Clock generator circuits are typically employed to generate one or more clock output signals based upon a clock input signal. One drawback of conventional clock generator circuits (e.g., clock generator integrated circuits or chips) is their limited programmability.
For example, there is often limited programmability in terms of input/output signal types, input/output voltage levels, frequency range, output banking structure, and/or skew control (e.g., controlling the phase of a clock output signal relative to a clock input signal). Furthermore, if programming is available, the programming may have to be performed by pin strapping, which is difficult to implement, inflexible, and may require the utilization of a number of pins.
As an example of limited programmability, skew control may only be available on a per bank basis and may be limited to only very coarse skew adjustments. If the skew steps are too coarse, for example, expensive and time-consuming trace length adjustments may be necessary on the printed circuit board.

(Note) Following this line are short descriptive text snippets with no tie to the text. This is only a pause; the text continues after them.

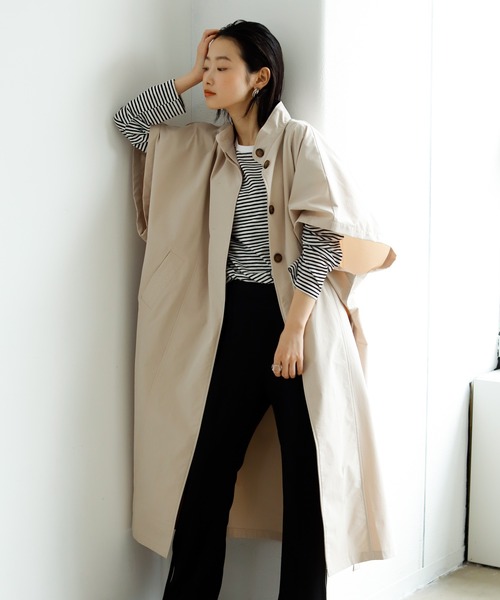 Birthday room（バースデイルーム）の「シャークスキンロングスプリングオーバーサイズトレンチポンチョ（トレンチコート・レディース・ブラック/ベージュ/ライトベージュ/グレイッシュベージュ・FREE）」の3枚目の写真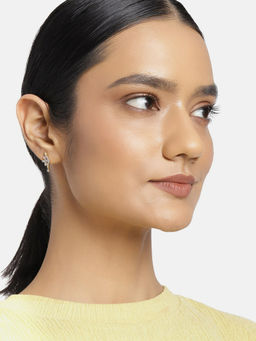 Estele - Gold Plated CZ Flower Shape Stud Earrings for Women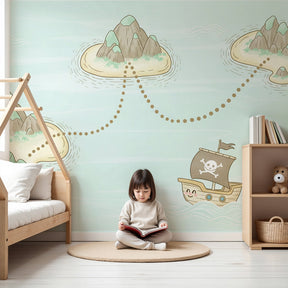 Pirate treasure map mural wallpaper in modern kids bedroom with sailing ship design by Kids-Mundo
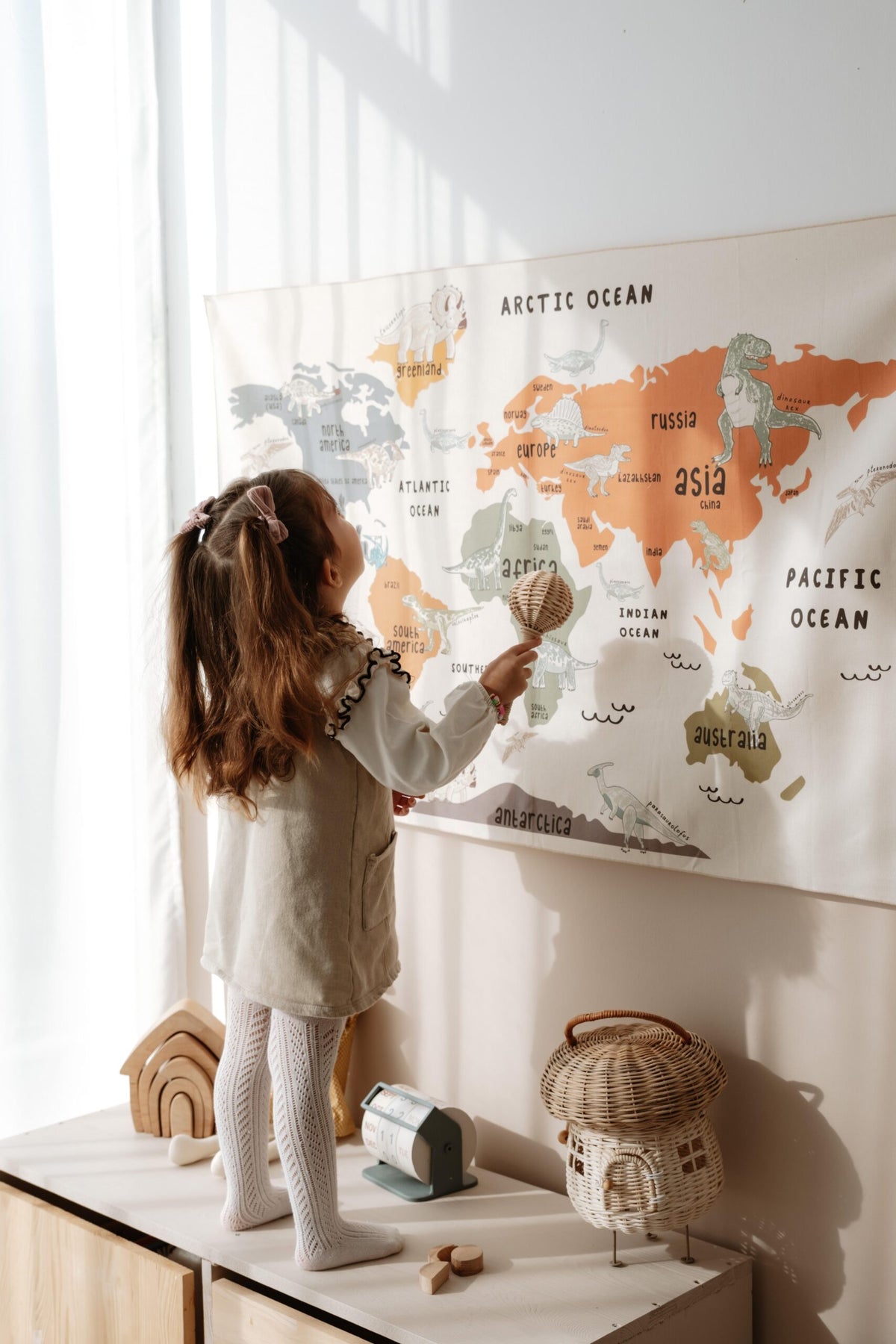 Dino World Map Wall Decor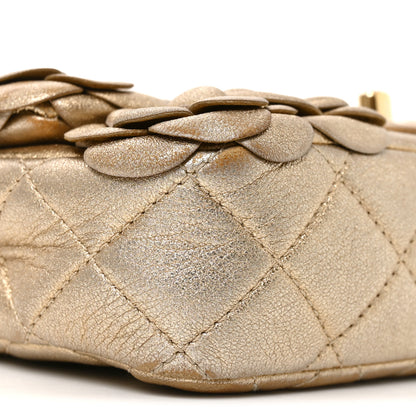Chanel Metallic Lambskin Quilted Mini Camellia Flap Gold 9 of 11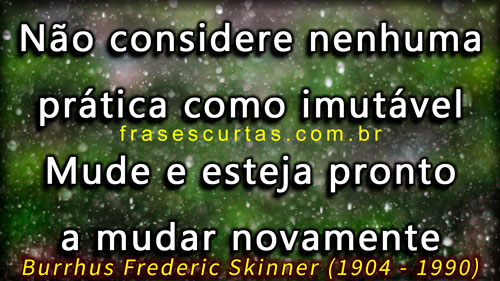 Não considere nenhuma prática como imutável. Mude e esteja pronto a mudar novamente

Another drawback of conventional clock generator circuits is their lack of support for joint test action group (JTAG) or other automated testing. Consequently, it can often be cumbersome, time-consuming, and expensive to test a circuit board having clock generator circuits and other components (e.g., microprocessors, field programmable gate arrays (FPGAs), or complex programmable logic devices (CPLDs)). As a result, there is a need for improved skew control and clock generation techniques.